JOHN GERDES:  I think New York is a complete non-issue. It won’t happen.

OAG 360:  What impact do operators have on WTI or natural gas realized prices?

JOHN GERDES:   This year about half of the gas growth is associated gas. Next year we’re going to be looking at 3 Bcf of associated gas growth, 2016 forward. If we drop a few hundred oil rigs out of the system, then we’re probably going to be looking at $4 – $5 per mcf gas prices.

OAG 360:  If you were starting your own E&P company, which basin would you want to focus on and why?

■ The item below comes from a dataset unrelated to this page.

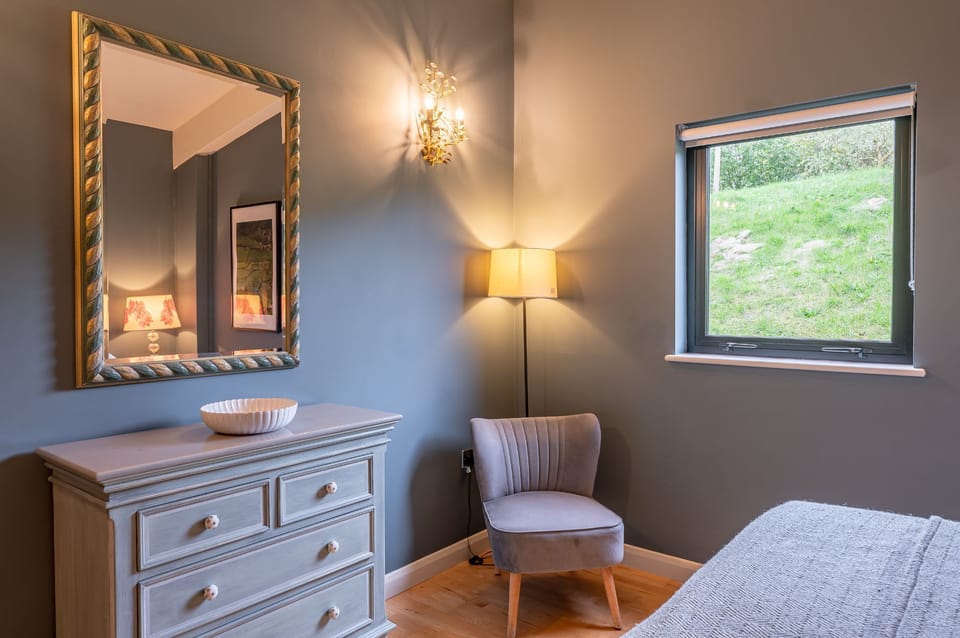 Bedroom with king-size bed, dresser, armchair and mirror in Juniper lodge, Brompton Lakes.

JOHN GERDES:   We are in the later innings as far as unconventional resource development. That went from 2009 forward. Maybe East Texas gas with a big liquids hopper. I think I’d be likely to take ownership of a company with a competitive quality asset and drive a unique culture, testing the way we model—think about the profit. I believe in a culture of openness, developing a tangible mission that we hold on to every day. We do that here. We change ratings more than five times more often than everybody else on the Street. We employ rigor. I’d take a Bonanza Creek, for example, and run it; get the culture really right and run it with a ruthless operational execution, with an incredible amount of measuring and benchmarking using real cash and economic markers.

In the Midcontinent, TMS and Utica, on the margin they’re going to be challenged to be competitive—Saudi is putting pressure on that right now.